• Instructions to follow: Retype exactly the lines below, beginning with the first and ending with the line where "Habitación Estándar Individual" appears.

• The records:

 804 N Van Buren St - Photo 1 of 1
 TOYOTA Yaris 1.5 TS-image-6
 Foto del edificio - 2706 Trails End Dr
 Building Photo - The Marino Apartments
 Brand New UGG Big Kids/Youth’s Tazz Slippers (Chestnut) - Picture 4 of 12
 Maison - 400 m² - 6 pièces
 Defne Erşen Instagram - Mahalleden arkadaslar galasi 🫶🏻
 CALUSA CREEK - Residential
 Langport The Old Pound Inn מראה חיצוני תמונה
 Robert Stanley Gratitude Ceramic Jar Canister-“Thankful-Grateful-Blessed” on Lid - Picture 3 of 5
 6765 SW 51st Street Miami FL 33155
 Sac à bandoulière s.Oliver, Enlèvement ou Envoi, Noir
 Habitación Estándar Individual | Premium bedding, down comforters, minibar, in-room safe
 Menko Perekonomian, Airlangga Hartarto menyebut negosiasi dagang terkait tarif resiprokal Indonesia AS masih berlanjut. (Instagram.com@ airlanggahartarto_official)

• Response:
 804 N Van Buren St - Photo 1 of 1
 TOYOTA Yaris 1.5 TS-image-6
 Foto del edificio - 2706 Trails End Dr
 Building Photo - The Marino Apartments
 Brand New UGG Big Kids/Youth’s Tazz Slippers (Chestnut) - Picture 4 of 12
 Maison - 400 m² - 6 pièces
 Defne Erşen Instagram - Mahalleden arkadaslar galasi 🫶🏻
 CALUSA CREEK - Residential
 Langport The Old Pound Inn מראה חיצוני תמונה
 Robert Stanley Gratitude Ceramic Jar Canister-“Thankful-Grateful-Blessed” on Lid - Picture 3 of 5
 6765 SW 51st Street Miami FL 33155
 Sac à bandoulière s.Oliver, Enlèvement ou Envoi, Noir
 Habitación Estándar Individual | Premium bedding, down comforters, minibar, in-room safe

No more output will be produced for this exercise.